The C-Word Ain't What It Used to Be

'Superstar of four-letter words' hits Guardian's front page, losing its bite
By Wesley Oliver,  Newser Staff
Posted Aug 31, 2009 10:18 AM CDT
The C-Word Ain't What It Used to Be
"The C word doesn't pack the same punch it used to," Kathleen Deveny writes for Newsweek.   (Shutter Stock)

Rest assured, Dear Reader: As a respectable organization, Newser won’t publish what Kathleen Deveny in Newsweek calls “the rudest, crudest, most taboo term in the English language.” To be blunt, on this issue we must punt, because, on a family website, that dog just won’t hunt—even though Deveny insists the C-word is losing its bite. “The superstar of four-letter words” still “shocks in a way few words still do,” (f*** you, F-word), but it doesn’t pack the same punch.

The Guardian recently printed it on its front page for the first time, adding to its 61 previous appearances in that publication this year alone.

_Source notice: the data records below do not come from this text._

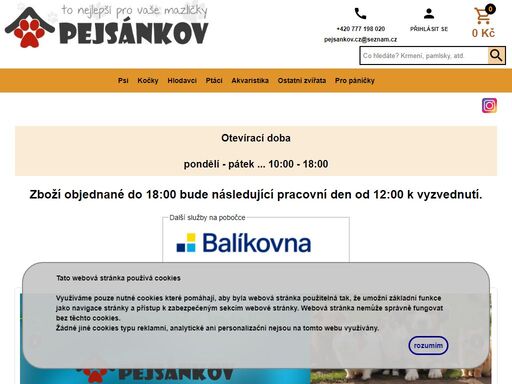 specializujeme se na prodej kvalitního krmiva pro psy, kočky, ptáky a hlodavce. zároveň také nabízíme široký sortiment ostatních chovatelských potřeb, jako jsou hračky pro zvířata, pelíšky, polštáře, boudy, kosmetika pro psy i kočky a další
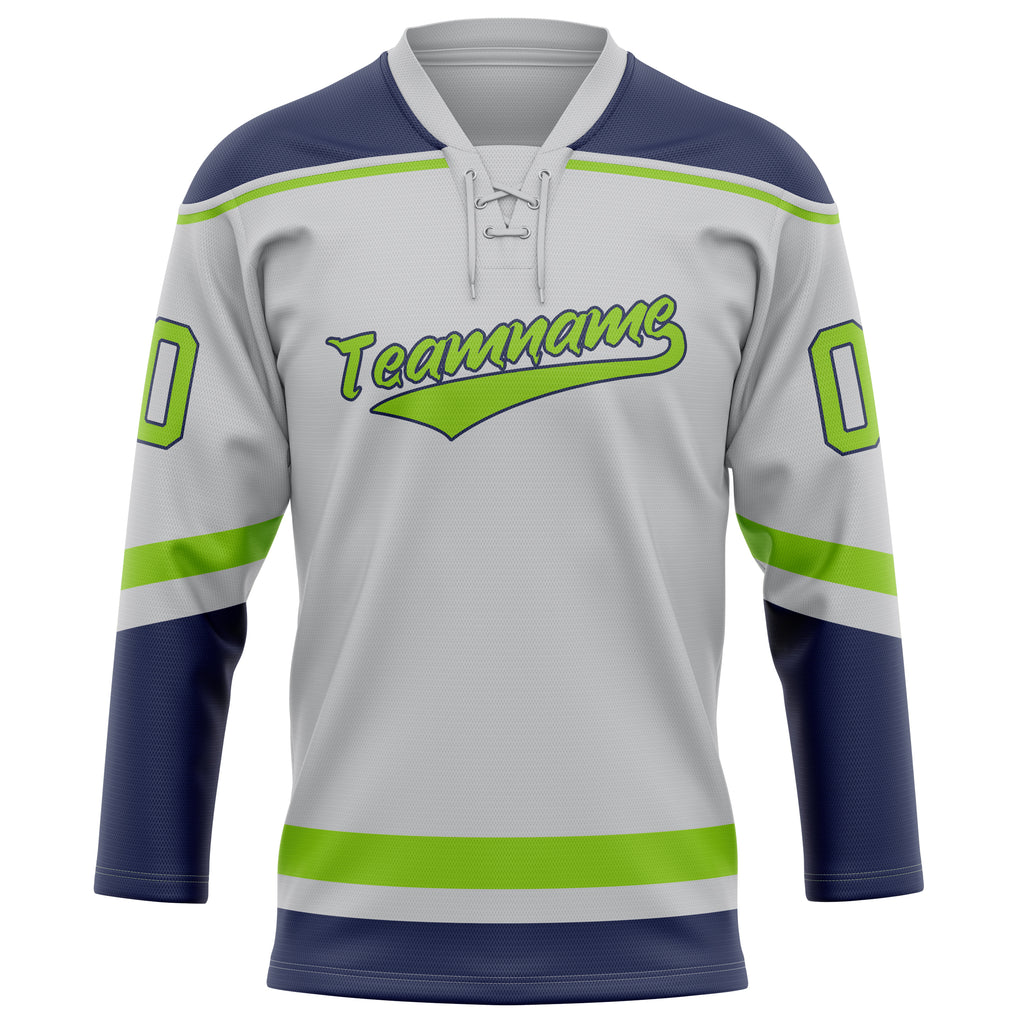 Personalized Gray & Neon Green Solid Colour Hockey Jersey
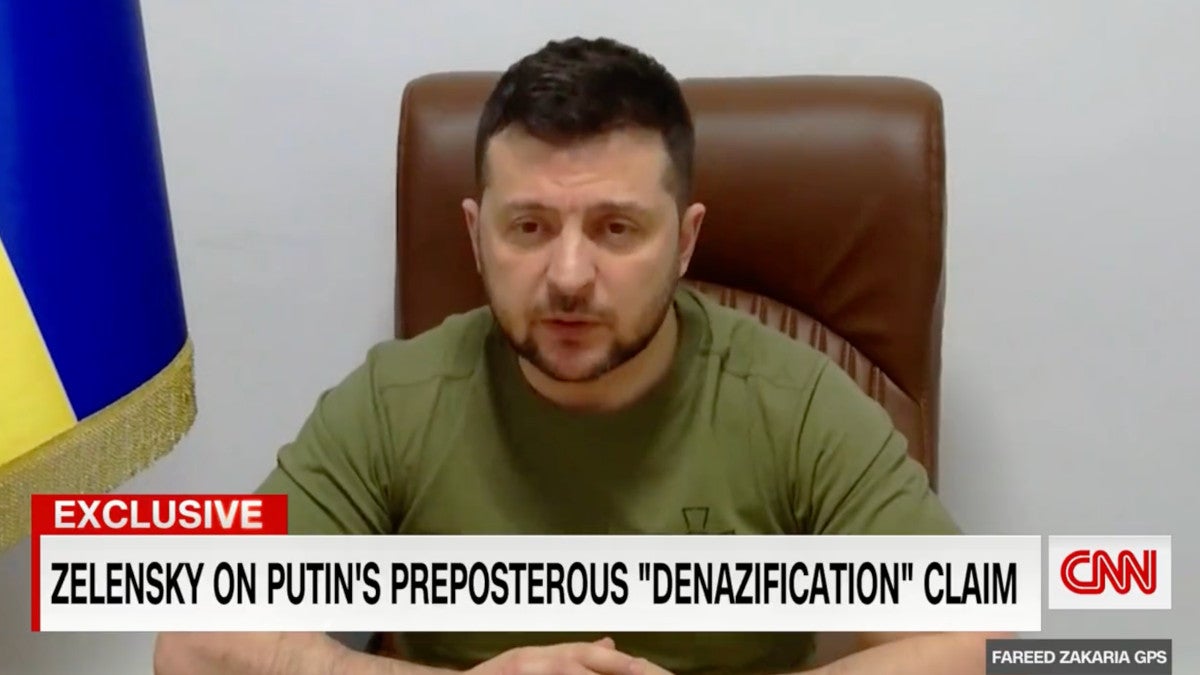 Zelenskyy Rips Putins Laughable Claims Of Neo Nazis In Ukrainian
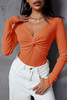 Orange Textured Twist Front V Neck Long Sleeve Slim Solid Color Top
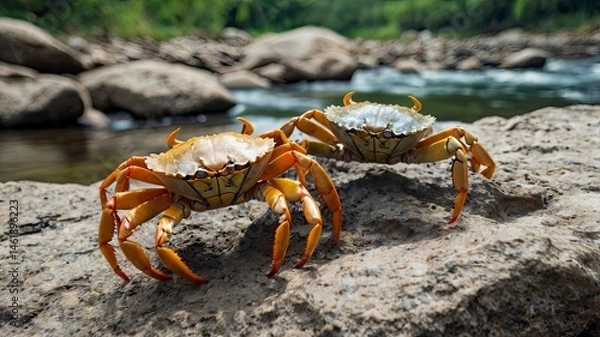 Obraz Small river crabs walk on rocks located on the river bank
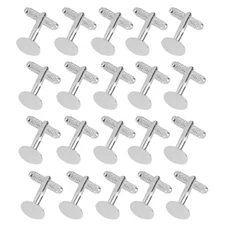 20Pcs Men 12mm Round Blank Settings Cuff Links Cufflinks DIY Craft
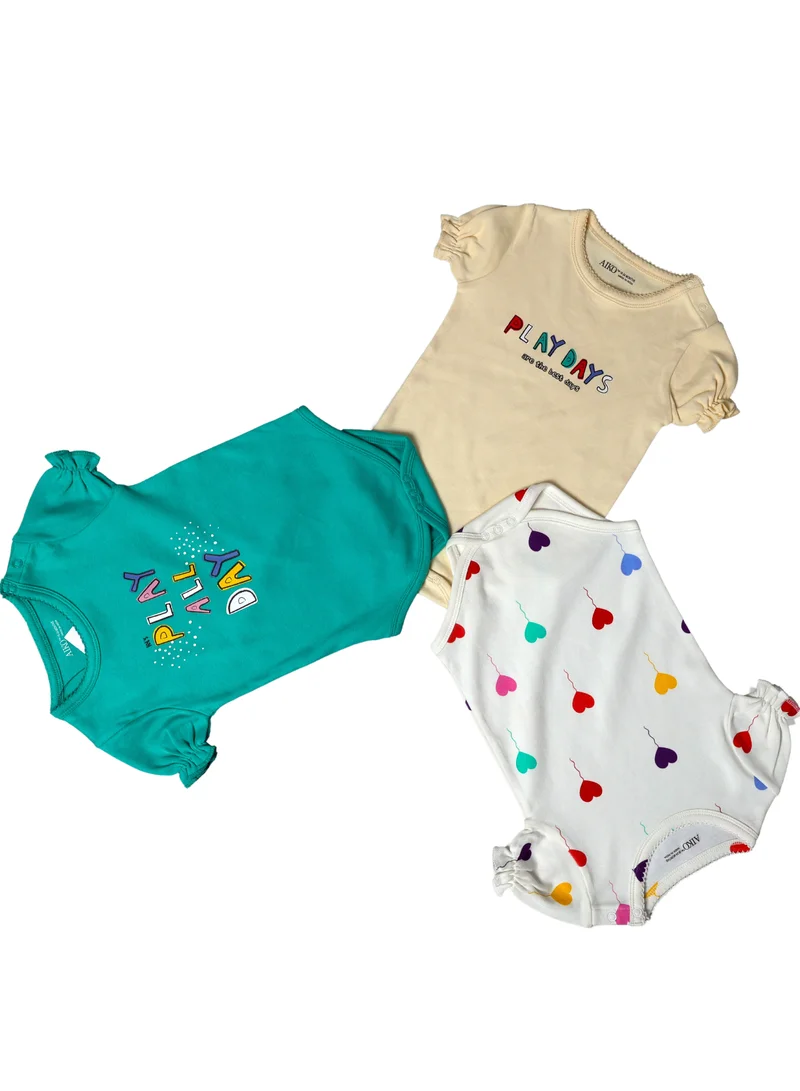 ايكو AIKO-Pack of 3 Multicolor Baby Body Suit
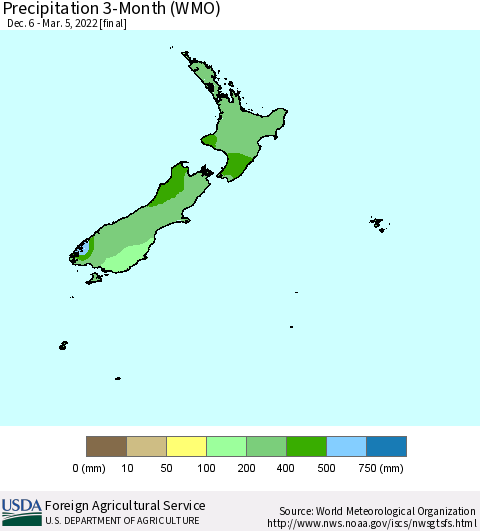 New Zealand Precipitation 3-Month (WMO) Thematic Map For 12/6/2021 - 3/5/2022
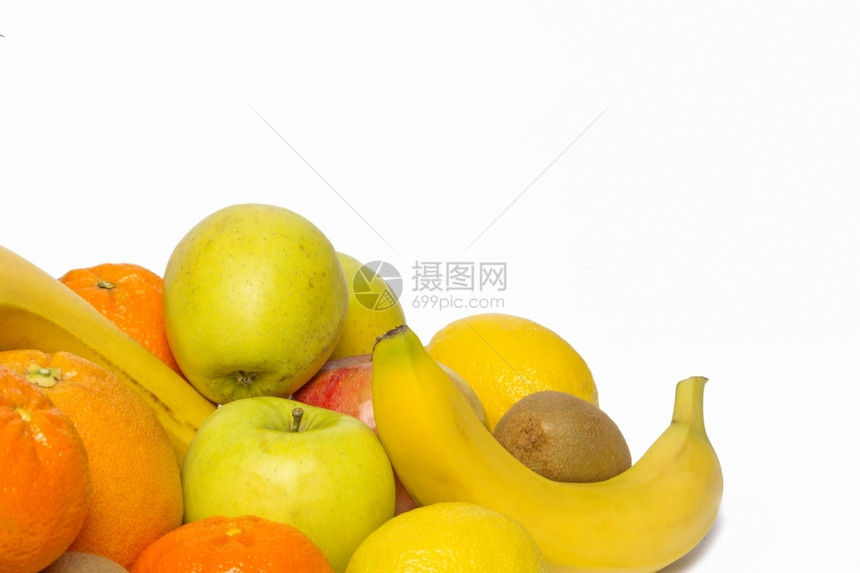 有机的将白色背景本底水果上孤立的新鲜水果组合成一片喝吃图片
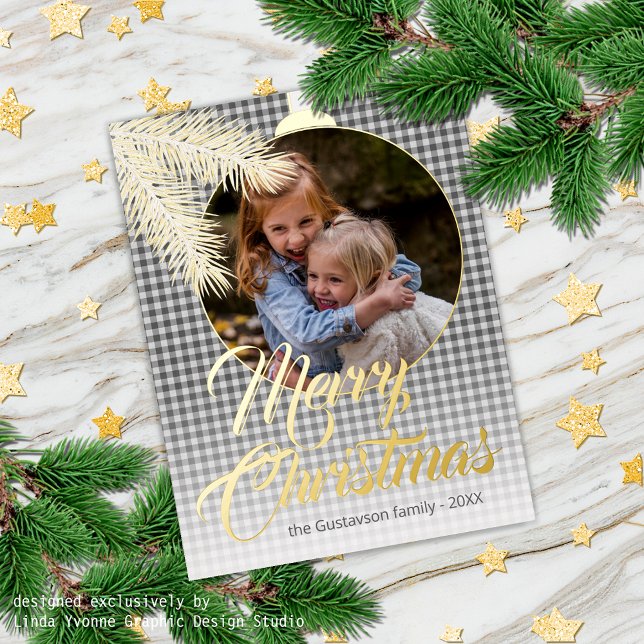 Custom Classic White Pine Tree Needles Gold Foil Holiday Postcard (Creator Uploaded)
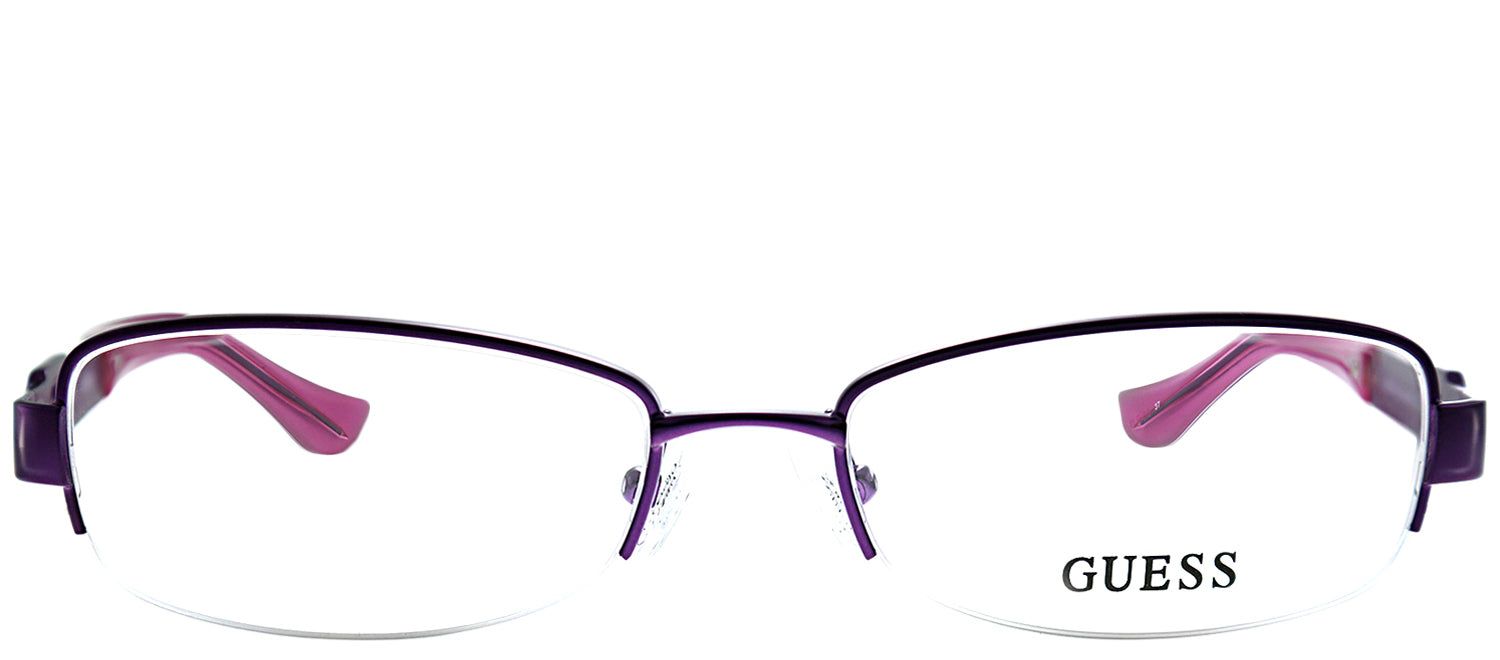 Guess GU 2290 PUR Semi-Rimless Metal Purple Eyeglasses with Demo Lens sold by Gaffos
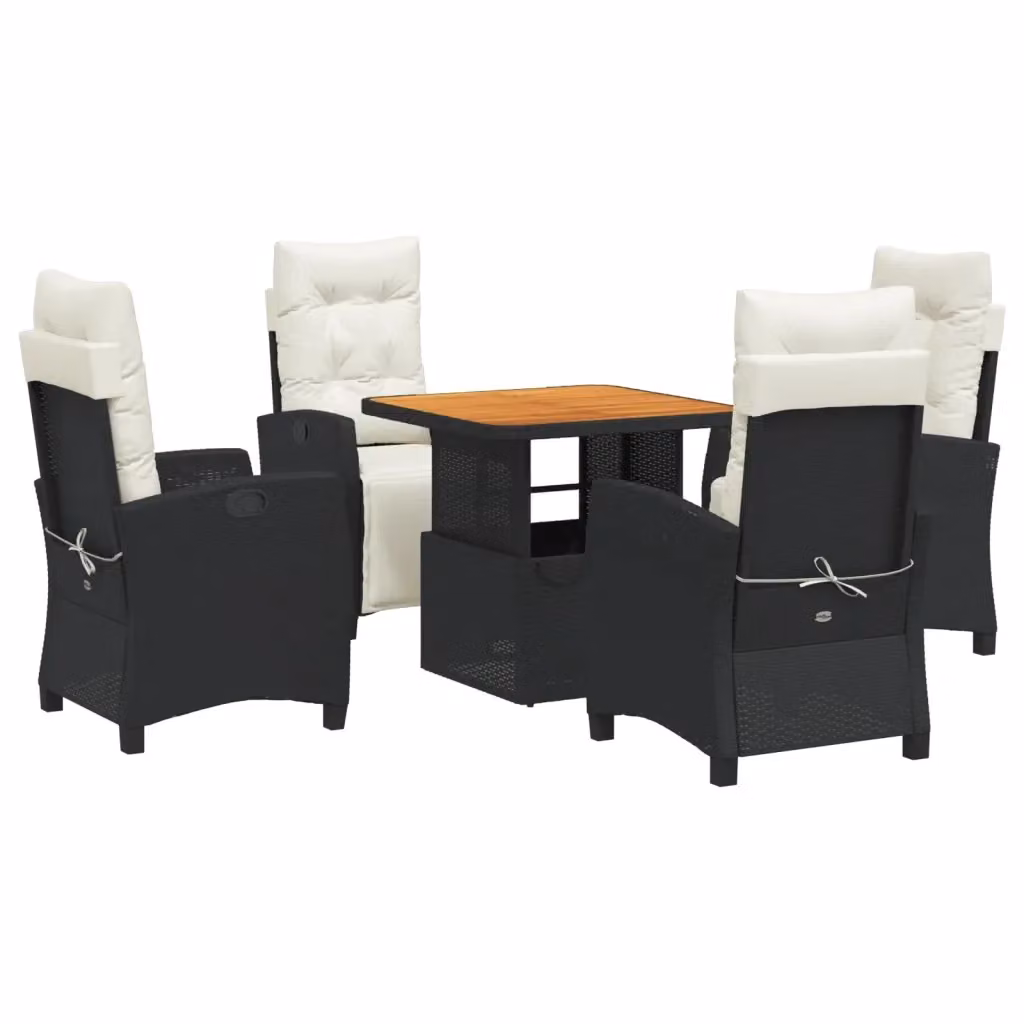 vidaXL Set da Pranzo da Giardino Moderno in Legno di Acacia Oliato e Polyrattan da 5 Pezzi – 2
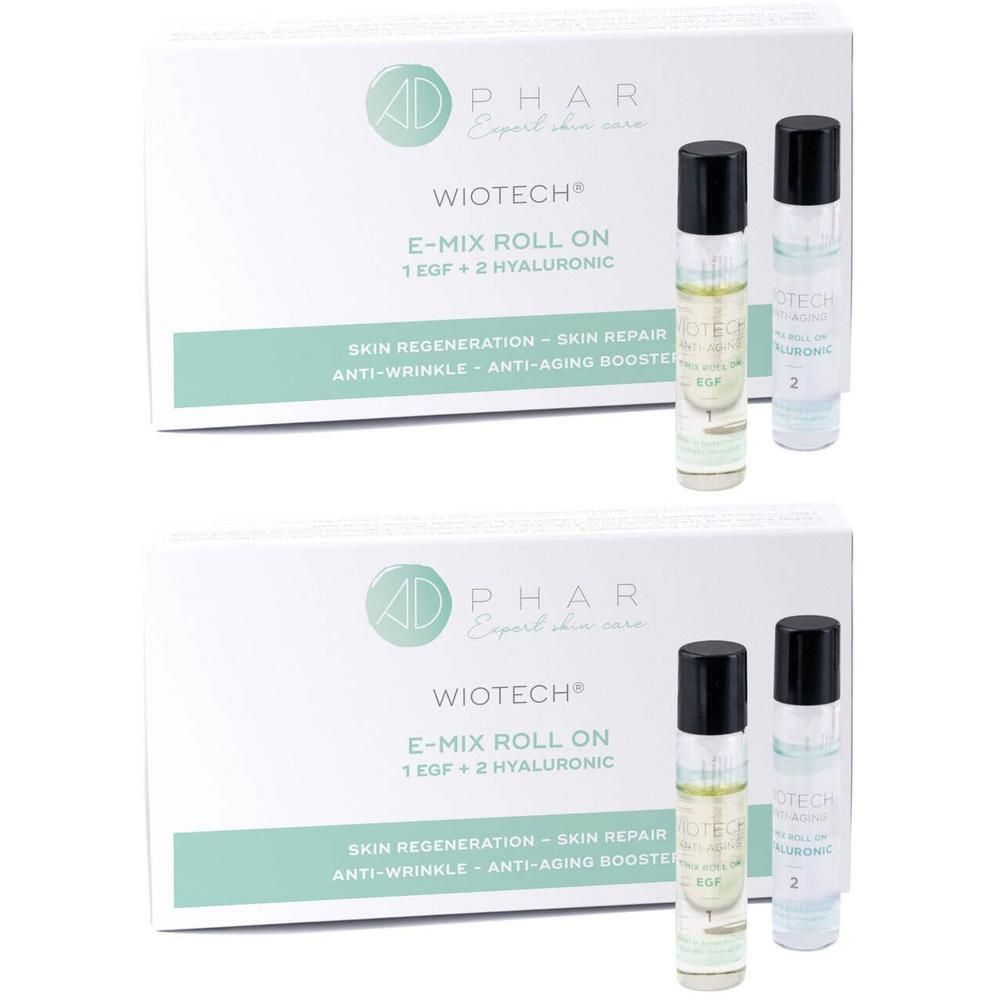 Deux flacons roll-on E-Mix Roll On 1 EGF + 2 Hyaluronic. Emballage avec texte 'Skin Regeneration'.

The “radioactive epithet” has circulated since at least 1230, when it referred to Gropecuntelane Street (subtle, no?). Despite cultural squeamishness about female sexuality, Deveny admits a “secret affection” for the term—though she shunts it away from her article: “It’s just too powerful, too offensive to too many. Besides, my mom might read this.”